The LED technology also offers completely new opportunities as to the way we use light. For example; by controlling street lights intelligently, it is possible to glare down to 10-30% of the intensity in periods of time with no traffic on the streets e.g. after midnight. When a road user enters the specific area, the lighting will increase the intensity to 100%, only in the area where the road is used.
Lighting with physical benefits
Energy savings and financial benefits are not the only things one should take into account when investing in new urban space lighting. Depending on the strengths of light, colour temperature and quality in relation to colour reflection, lighting can be experienced differently by various people.
Further, for financial benefits and energy efficiency considerations, one should take a stand on which function the lighting should fulfil, which types of urban space environments one wishes to create and how the aesthetic aspect turns out.

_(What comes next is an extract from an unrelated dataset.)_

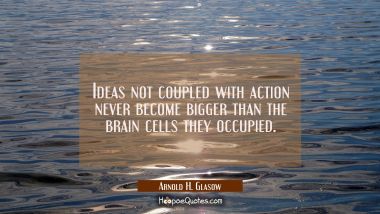 Ideas not coupled with action never become bigger than the brain cells they occupied.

Lighting can be a very economically beneficial way of creating safety and comfort, giving urban spaces and residential areas their individual identity and fostering good traffic conditions for all types of users. However, these elements must be included from the beginning in order to be fully utilised.
Farewell to the mercury-vapor lamp
From 2015, marketing of the mercury-vapor lamps is prohibited in the EU due to more strict requirements for energy efficiency.
Since the 1960s the mercury-vapor lamp has been broadly used for street lighting and approximately 300,000 of them are still functioning on Danish roads.
The prohibition means that Danish municipalities are forced to invest in the replacement of lighting sources in much of the existing street lighting systems around the country.
There are several reasons for thinking of alternatives to the mercury-vapor lamps. Even if the lamp is inexpensive to purchase, it requires a lot of maintenance due to the high levels of power consumption (50 lm/W) and short longevity (10,000-16,000 hours). Moreover, the levels of mercury in the light bulbs are very high compared to other types of illuminates which provide the same amounts of light, and the quality of the light is very poor (Ra 60); it makes it difficult to distinguish colours in the gleam of the light.
The mercury-vapor lamps are also known as HME (ZVEI), HPL (Philips) and HQL (Osram).